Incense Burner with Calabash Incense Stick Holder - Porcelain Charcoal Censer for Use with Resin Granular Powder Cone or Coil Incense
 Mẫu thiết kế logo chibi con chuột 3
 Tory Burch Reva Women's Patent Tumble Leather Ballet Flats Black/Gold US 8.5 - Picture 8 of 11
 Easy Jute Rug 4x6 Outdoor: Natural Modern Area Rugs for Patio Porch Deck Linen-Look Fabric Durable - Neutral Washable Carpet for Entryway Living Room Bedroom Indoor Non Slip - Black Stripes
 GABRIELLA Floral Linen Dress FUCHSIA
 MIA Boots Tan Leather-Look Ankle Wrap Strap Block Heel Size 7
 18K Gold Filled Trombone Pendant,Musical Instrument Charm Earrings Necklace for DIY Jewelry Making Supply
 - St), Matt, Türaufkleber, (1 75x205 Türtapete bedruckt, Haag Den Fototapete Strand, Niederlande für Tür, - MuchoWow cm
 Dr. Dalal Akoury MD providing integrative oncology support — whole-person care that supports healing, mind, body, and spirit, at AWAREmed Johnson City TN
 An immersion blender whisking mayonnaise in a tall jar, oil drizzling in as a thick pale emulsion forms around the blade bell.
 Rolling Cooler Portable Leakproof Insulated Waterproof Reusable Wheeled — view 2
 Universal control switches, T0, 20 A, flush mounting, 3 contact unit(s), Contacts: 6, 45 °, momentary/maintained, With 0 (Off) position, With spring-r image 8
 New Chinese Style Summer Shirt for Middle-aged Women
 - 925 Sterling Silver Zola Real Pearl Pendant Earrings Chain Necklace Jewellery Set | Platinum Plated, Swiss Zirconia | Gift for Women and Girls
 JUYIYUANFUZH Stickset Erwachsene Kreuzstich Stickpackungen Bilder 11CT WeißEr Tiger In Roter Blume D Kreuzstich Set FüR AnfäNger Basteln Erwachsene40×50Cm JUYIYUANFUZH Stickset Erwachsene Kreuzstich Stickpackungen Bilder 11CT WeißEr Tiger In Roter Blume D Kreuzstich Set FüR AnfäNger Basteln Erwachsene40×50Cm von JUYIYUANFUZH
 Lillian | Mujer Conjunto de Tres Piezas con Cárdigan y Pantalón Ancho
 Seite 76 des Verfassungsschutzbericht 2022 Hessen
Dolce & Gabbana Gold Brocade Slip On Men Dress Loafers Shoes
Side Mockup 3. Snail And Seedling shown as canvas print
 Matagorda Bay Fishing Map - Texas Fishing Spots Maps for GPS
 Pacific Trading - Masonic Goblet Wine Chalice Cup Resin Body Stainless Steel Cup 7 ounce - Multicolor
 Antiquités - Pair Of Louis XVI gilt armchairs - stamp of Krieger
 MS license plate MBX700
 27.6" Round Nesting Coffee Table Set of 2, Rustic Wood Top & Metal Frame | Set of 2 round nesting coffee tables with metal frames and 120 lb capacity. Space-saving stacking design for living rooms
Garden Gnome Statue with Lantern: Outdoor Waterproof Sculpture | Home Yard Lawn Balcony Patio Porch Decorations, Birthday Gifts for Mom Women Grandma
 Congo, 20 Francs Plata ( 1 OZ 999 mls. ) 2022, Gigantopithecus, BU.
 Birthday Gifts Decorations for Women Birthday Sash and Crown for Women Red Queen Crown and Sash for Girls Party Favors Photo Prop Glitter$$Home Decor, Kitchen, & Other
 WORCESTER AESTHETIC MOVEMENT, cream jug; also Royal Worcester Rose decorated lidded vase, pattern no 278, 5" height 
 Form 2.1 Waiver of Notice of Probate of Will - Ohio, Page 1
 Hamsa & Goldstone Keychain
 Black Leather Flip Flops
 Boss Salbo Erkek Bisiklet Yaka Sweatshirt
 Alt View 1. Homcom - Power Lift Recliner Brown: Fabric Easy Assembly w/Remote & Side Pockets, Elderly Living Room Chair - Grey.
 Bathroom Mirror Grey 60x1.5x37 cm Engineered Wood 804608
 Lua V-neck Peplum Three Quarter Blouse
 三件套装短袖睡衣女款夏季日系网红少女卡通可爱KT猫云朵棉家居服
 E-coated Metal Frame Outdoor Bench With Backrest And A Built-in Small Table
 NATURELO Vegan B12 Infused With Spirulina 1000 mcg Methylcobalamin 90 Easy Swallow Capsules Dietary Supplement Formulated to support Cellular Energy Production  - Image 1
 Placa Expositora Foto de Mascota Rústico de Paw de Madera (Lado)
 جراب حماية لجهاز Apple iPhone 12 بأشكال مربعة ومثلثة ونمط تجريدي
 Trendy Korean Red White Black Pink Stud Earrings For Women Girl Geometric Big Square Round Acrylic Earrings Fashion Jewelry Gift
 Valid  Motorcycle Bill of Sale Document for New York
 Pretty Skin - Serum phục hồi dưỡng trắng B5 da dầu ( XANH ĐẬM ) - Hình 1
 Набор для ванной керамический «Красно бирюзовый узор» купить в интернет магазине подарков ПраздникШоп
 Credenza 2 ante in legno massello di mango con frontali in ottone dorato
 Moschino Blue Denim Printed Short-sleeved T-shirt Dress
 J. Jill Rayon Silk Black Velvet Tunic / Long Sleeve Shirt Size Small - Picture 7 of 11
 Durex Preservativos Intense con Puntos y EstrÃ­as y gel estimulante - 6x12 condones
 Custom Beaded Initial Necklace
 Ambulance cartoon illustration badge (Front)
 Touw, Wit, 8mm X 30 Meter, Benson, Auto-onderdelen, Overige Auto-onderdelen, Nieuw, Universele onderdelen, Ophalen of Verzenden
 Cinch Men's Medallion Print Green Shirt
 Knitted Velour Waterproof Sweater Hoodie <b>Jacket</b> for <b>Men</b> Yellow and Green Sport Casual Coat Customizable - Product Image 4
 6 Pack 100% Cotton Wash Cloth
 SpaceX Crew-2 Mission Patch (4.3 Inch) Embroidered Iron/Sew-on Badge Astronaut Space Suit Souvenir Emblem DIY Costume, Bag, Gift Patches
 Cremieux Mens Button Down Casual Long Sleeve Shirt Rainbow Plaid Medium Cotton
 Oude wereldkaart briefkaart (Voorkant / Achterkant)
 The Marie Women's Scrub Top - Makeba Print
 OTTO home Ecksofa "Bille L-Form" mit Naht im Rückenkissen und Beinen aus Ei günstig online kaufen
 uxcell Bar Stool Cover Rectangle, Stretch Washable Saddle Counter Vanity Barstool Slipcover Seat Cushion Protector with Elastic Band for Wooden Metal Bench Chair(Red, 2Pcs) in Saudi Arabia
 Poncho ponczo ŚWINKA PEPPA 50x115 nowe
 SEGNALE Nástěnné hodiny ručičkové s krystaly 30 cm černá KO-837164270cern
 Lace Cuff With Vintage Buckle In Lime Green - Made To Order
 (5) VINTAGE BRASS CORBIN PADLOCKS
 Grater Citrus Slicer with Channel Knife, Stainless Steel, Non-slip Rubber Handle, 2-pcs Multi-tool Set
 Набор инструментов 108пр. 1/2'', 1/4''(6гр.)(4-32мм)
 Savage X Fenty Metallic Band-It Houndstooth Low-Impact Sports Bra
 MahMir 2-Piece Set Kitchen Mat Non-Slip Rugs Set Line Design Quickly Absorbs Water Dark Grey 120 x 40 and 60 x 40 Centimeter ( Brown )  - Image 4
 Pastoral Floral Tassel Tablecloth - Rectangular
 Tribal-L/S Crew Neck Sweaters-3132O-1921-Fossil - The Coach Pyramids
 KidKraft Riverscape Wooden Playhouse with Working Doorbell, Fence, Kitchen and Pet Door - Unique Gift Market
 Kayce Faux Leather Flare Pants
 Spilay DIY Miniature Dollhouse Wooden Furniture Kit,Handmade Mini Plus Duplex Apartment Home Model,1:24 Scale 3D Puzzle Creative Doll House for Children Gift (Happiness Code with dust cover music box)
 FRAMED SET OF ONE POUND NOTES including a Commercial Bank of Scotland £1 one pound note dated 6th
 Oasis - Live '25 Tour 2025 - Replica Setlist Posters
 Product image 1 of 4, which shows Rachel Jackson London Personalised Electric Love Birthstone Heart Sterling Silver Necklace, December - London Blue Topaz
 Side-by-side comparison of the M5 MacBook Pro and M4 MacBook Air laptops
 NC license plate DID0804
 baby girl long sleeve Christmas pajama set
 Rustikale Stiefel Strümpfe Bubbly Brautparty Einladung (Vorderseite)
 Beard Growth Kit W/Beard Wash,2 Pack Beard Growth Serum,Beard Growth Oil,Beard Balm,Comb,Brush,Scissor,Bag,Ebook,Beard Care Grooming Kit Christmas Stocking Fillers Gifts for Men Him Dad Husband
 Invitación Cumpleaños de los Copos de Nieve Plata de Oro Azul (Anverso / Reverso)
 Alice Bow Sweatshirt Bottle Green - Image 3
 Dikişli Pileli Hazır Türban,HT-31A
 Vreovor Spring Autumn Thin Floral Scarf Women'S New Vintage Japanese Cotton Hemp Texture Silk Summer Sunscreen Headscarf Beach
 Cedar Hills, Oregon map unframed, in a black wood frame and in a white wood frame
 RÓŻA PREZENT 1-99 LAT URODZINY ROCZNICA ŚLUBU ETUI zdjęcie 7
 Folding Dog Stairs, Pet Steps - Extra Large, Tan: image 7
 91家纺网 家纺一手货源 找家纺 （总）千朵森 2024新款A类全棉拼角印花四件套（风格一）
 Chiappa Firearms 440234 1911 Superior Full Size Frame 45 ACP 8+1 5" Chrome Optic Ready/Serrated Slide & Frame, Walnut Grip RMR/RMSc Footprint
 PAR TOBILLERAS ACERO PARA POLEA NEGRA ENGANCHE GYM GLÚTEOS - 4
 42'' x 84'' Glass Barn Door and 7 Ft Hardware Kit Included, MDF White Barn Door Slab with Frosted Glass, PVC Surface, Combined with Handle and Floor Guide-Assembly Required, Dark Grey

(Action item): Starting with the line that contains "Chiappa Firearms 440234", print every line through the end of the entries above exactly as written, both boundary lines included, and nothing else.

(Answer space):
 Chiappa Firearms 440234 1911 Superior Full Size Frame 45 ACP 8+1 5" Chrome Optic Ready/Serrated Slide & Frame, Walnut Grip RMR/RMSc Footprint
 PAR TOBILLERAS ACERO PARA POLEA NEGRA ENGANCHE GYM GLÚTEOS - 4
 42'' x 84'' Glass Barn Door and 7 Ft Hardware Kit Included, MDF White Barn Door Slab with Frosted Glass, PVC Surface, Combined with Handle and Floor Guide-Assembly Required, Dark Grey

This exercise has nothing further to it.